Isn’t it Ironic? (Wetland Remix)

DSC_0029My Better Half has been amused by the occasional interruption in my 99wetlands quest: sometimes I am unable to visit a wetland…because of flooding. Seems awfully funny to her. Honestly though, it’s to be expected—I mean, floods are part and parcel of the wetland ecosystem, so it’ll be a factor for us who like to visit wetlands. But sure, if it amuses you, or inspires you to song, then enjoy the irony.

This week’s wetland is an example of the challenge; at first I couldn’t even get to my site because of flooding! Buffalo Creek Wildlife Management Area, located in southwest Delaware County, was difficult to access because the creek was running high. I snapped a photo from the north approach, went the long way around, and entered a parcel from the south, after driving along the county line. (It all gets a bit confusing: some of the area is County land, other parts are State land.)

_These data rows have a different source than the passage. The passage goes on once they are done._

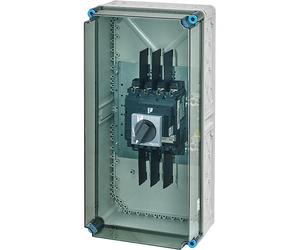 Armario de distribución Hensel 250A 4P BM3 300x600mm Con abrazadera PE - Mi 7442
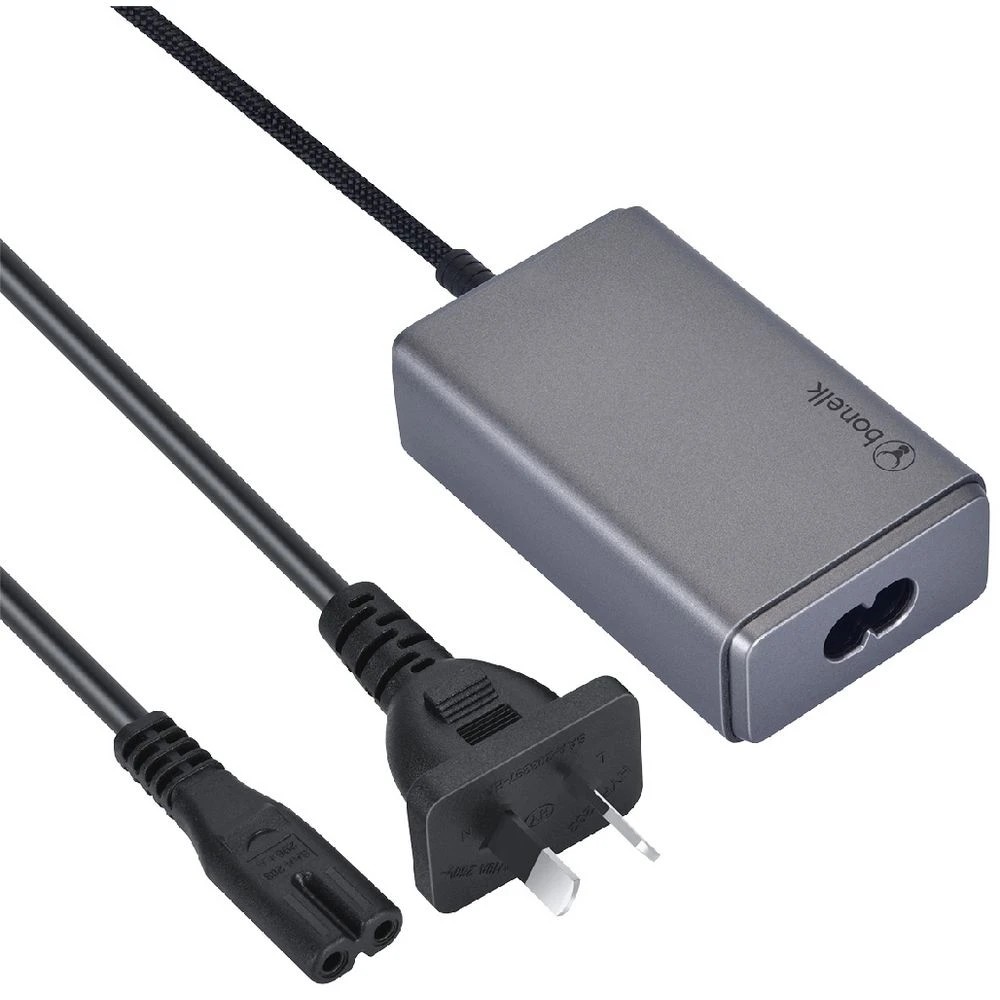 2 Bonelk Laptop Charger USB-C 65w Space Grey, 2 of 5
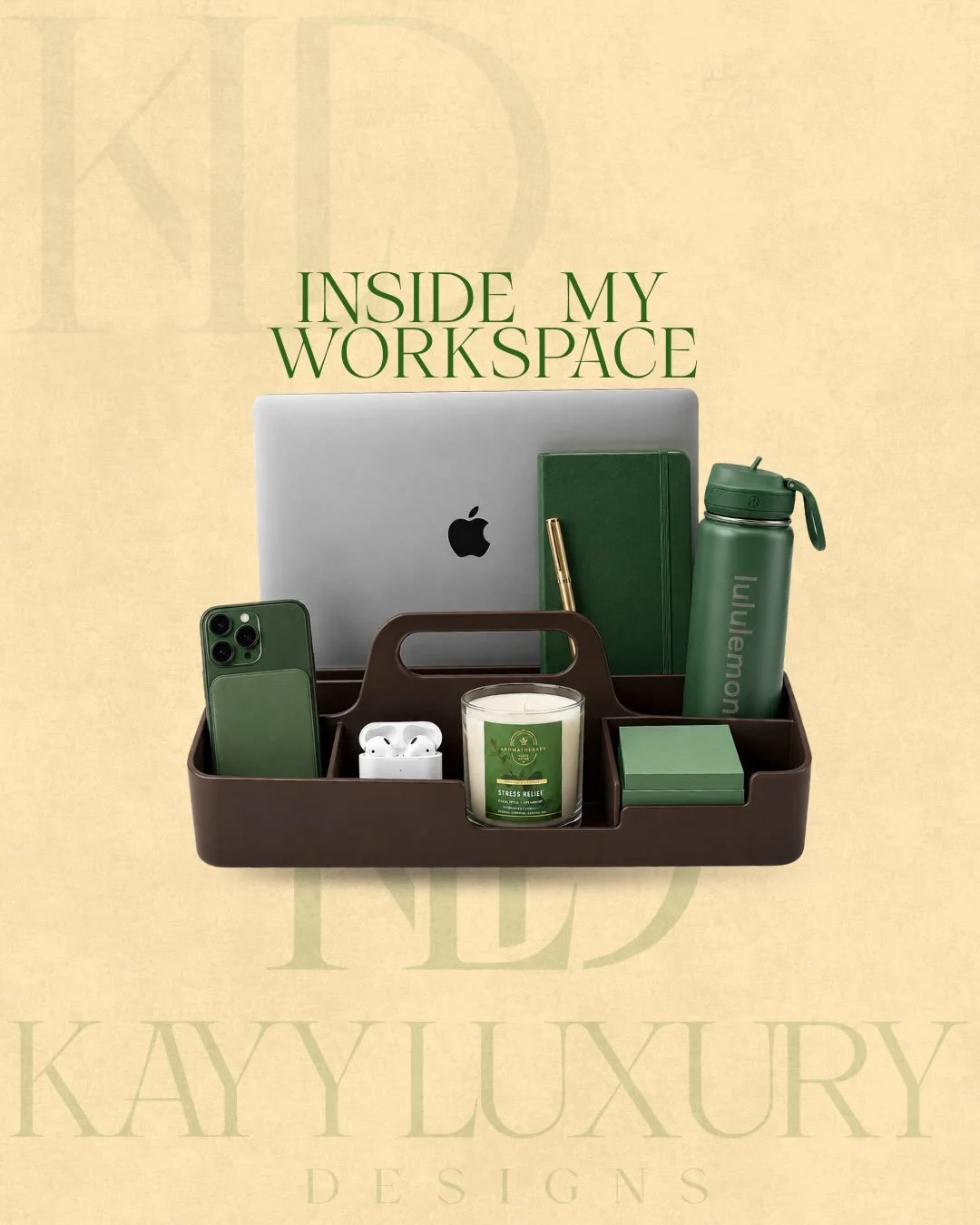 A little peek into the tools behind the creativity. ✨💚

Every design starts with a workspace that keeps me inspired, organized, and ready to bring your vision to life. From my laptop where every brand is built, to my notebook full of ideas, these ar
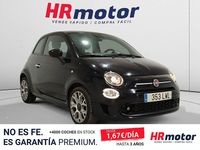 Usado Fiat 500 Connect 70 CV (51 kW) 2021 Negro Utilitario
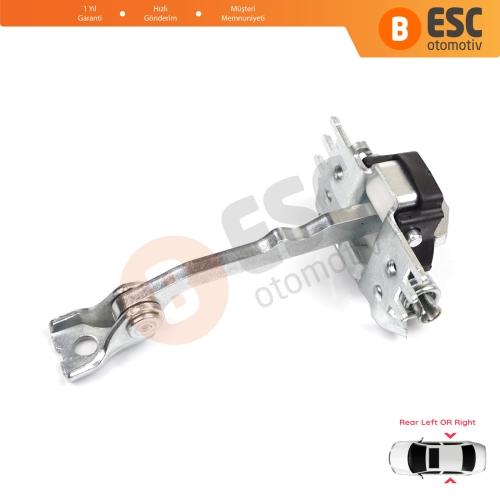 Renault Laguna MK3 X91 BT0/1 2007-2015 İçin Arka Kapı Gergi Yayı 824310001R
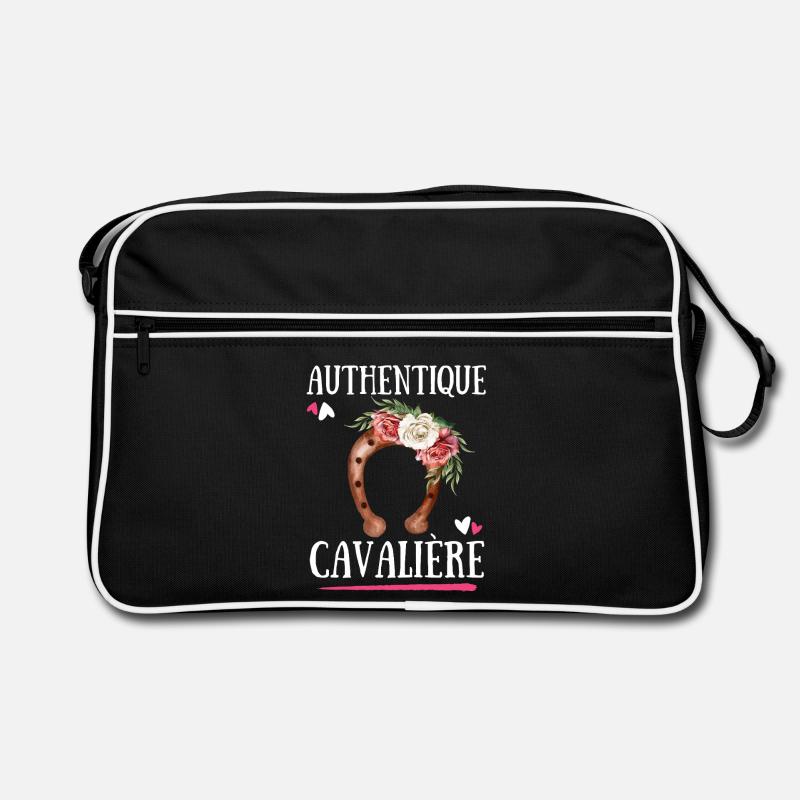 Authentique Cavaliere Sac Retro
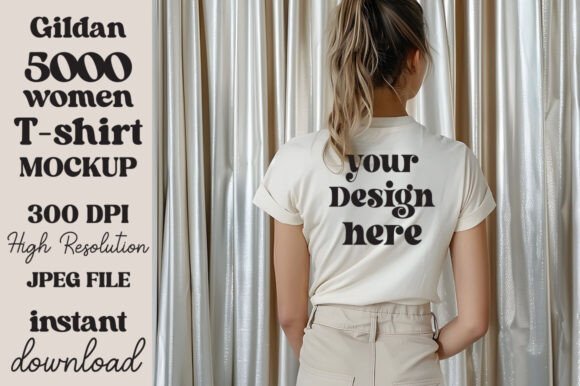 A Brand Designer’s Take on the Gildan 5000 Mockup Bundle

This might be a good time to put in a plug for road safety regarding flooding. At one point, I admit I looked at the thin layer of moving water flowing across the road surface, and thought…”that doesn’t seem so bad. I could probably drive across it OK.”

DSC_0024That’s dangerous thinking, right there. And I know better! I have slipped (violently) when walking in a stream as the current sweeps you off your feet (not in a fun, romantic way—more of a “now you’re gonna drown, you big dummy” way). And remember, your tires are essentially just big balloons. Tires won’t do well on water—they glide, or float. So, don’t drive on flowing water, please. Leave the river-on-road exploration to the experts…herons, for example, have skills you and I lack.

DSC_0026So, I drove around, and near a pasture I found a pretty little wetland pond just south of the creek itself. I’d expect the wetland to be flooded by the river itself, when water is a bit higher than I was seeing. At this moment, flood stage wasn’t quite there. I easily walked around, and I admired pretty dragonflies. These insects have become a favorite feature of my wetland travels. Whether thrilling to their elaborate mating flights, watching them gracefully depositing eggs, or catching their larvae (nymphs) with a net for a close-up look, dragonflies are beautiful and fascinating. Oh…and they eat mosquitoes! Gotta love these animals. I have several blurry photos of these insects flying around…at least I think that’s what they are? Um…they were actively moving, and hard to photograph. Instead, here I include some beautiful plants, Arrowhead (Sagittaria) and Spike Rush (Eleocharis) for your enjoyment.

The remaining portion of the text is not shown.